Is Leobit better than GlobalLogic?

Leobit (4.0/5) scores higher overall, but "better" depends on your use case. Leobit is better for uS-based tech startups and scale-ups needing combined ML and product engineering from a Ukraine/US team at accessible cost. GlobalLogic is better for fortune 500 enterprises needing large-scale MLOps implementation within enterprise product engineering programmes.

How do Leobit and GlobalLogic differ in pricing?

Leobit uses dedicated team, fixed project, t&m pricing with a minimum engagement of $20K. GlobalLogic uses dedicated team, t&m pricing with a minimum engagement of $200K+. Neither firm publishes a full rate card; a discovery call is required for project-specific quotes.

Which is better for enterprise: Leobit or GlobalLogic?

Leobit is the larger team and typically the better enterprise-scale choice.
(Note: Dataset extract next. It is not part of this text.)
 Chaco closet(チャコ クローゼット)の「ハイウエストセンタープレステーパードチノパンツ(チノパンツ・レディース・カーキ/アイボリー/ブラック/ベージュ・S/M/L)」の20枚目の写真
For very large programmes, verify team size and compliance coverage directly with each company before shortlisting.

What are the main differences between Leobit and GlobalLogic?

Leobit's primary differentiator is: full-stack ai engineering firm with strong generative ai and corporate llm deployment capability alongside standard ml development. GlobalLogic's primary differentiator is: hitachi-owned 30,000-person product engineering firm with mlops and ai-powered sdlc for fortune 500 clients and industrial ai access via hitachi ecosystem. They also differ in team size (200–500 vs 30,000+), minimum engagement ($20K vs $200K+), and primary industries served (SaaS, Healthcare vs Manufacturing, Healthcare).

Last reviewed: July 2026. Verify all details directly with each company before making a decision.